I did my own little test going looking for Oct 9, 2011 availability for four days That is more than twelve months away. I look in places with lots of properties and chose the properts  that had most likely availability in my opinion.

There was nothing in Hilton Head using Barony and Surfwatch as  a target. I tried Orlando. I looked at Lakeshore Reserve and Grand Vista. There was nothing at Lakeshore Reserve but Grand Vistas had availability for a two bedroom.

This proves it is at least possible to find SOMETHING at more than twelve months. It appeared the VOA was unable to search by location only and see all availability
 She had to search by individual property. It would seem with less than hundred properties Marriott could see all availability throughout the system for a given date if they had proper programing. They can do this on Marriott.com for hotels .


----------



## siberiavol (Sep 15, 2010)

I did my own little test going looking for Oct 9, 2011 availability for four days That is more than twelve months away. I look in places with lots of properties and chose the properts  that had most likely availability in my opinion.

There was nothing in Hilton Head using Barony and Surfwatch as  a target. I tried Orlando. I looked at Lakeshore Reserve and Grand Vista. There was nothing at Lakeshore Reserve but Grand Vistas had availability for a two bedroom.

This proves it is at least possible to find SOMETHING at more than twelve months. It appeared the VOA was unable to search by location only and see all availability
 She had to search by individual property. It would seem with less than hundred properties Marriott could see all availability throughout the system for a given date if they had proper programing. They can do this on Marriott.com for hotels .


----------



## DanCali (Sep 15, 2010)

windje2000 said:


> But I think you have to look at Marriott as another owner with respect to company owned properties.
> 
> If they own a unit they can rent it.  That's really not much else they can do with it.
> 
> If they are on the other side of an exchange with you, they can rent what you swapped with them. If they do that swap with points, they have likely accounted for differences in rental revenue between the exchanged units.



That's exactly the point I was making in the other post:



DanCali said:


> ...Whatever Marriott deposits into the points exchange company (whether it's trust inventory or not) is their inventory. It is not something owners are entitled to have happen.
> 
> Also, in theory, suppose they did deposit Jim's Lakeshore week and let him convert his OP week/s to points and make the exchange. Given that Marriott was the owner of the Lakeshore week, they are now rightfully entitled to do what they want with Jim's OP week...
> 
> It seems that, at least for now, the exchange system relies on Marriott's goodwill to forego rental revenue on weeks they own in order to satisfy owner exchanges. It's a delicate balance...

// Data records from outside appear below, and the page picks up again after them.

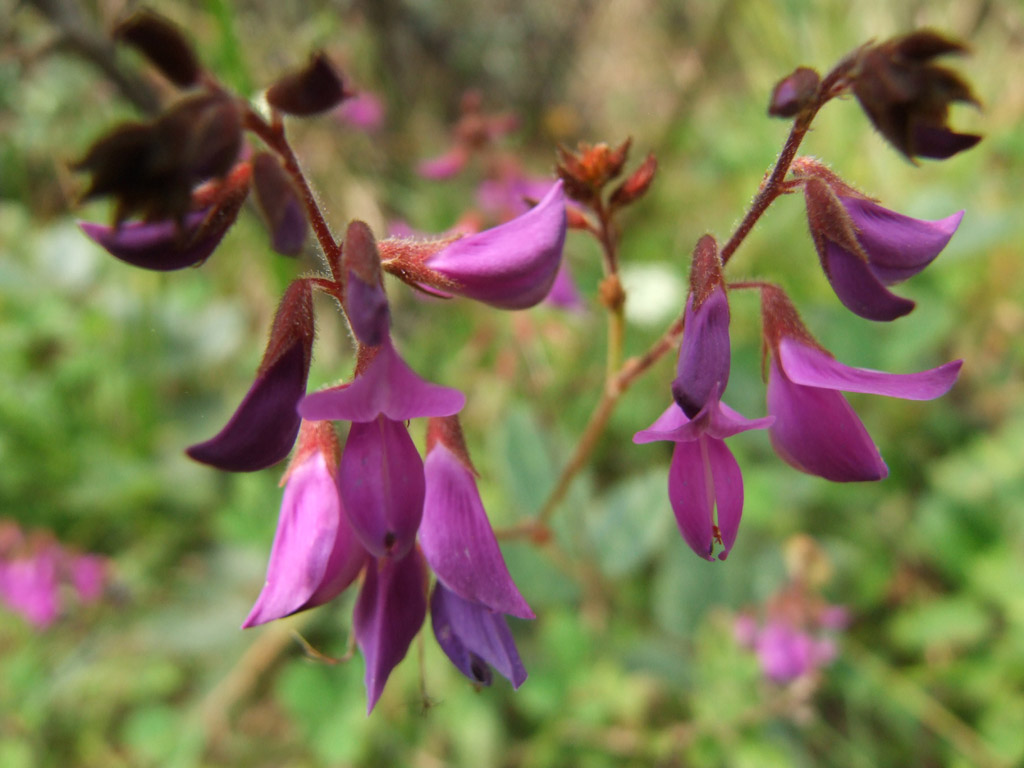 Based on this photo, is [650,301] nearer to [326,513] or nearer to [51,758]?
[326,513]


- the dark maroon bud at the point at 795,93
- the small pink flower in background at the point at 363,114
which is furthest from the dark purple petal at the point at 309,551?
the small pink flower in background at the point at 363,114

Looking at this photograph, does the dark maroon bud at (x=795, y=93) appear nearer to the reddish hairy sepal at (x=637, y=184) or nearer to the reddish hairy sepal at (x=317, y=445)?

They will swap with you if the week they get in return (plus the value of the skim) is worth more to them than what they are giving up. Otherwise, they may or may not do it to make the exchange system work out... but I personally highly doubt they would sacrifice profitability that much, especially when they know that someone on a waitlist will eventually compromise on their exchange (or risk points expiring).

Susan made this point earlier:



SueDonJ said:


> Marriott has already proven that they will deposit inventory to the Exchange Company in order to fulfill Waitlist requests.




It is true that some people reported that their requests were filled. But is this the norm? Do all waitlist request get filled within a few days? I certainly didn't get the impression that most waitlist requests were filled. We heard from a few that did get their exchanges... what about all the others?


----------



## SueDonJ (Sep 15, 2010)

DanCali said:


> ... It is true that some people reported that their requests were filled. But is this the norm? Do all waitlist request get filled within a few days? I certainly didn't get the impression that most waitlist requests were filled. We heard from a few that did get their exchanges... what about all the others?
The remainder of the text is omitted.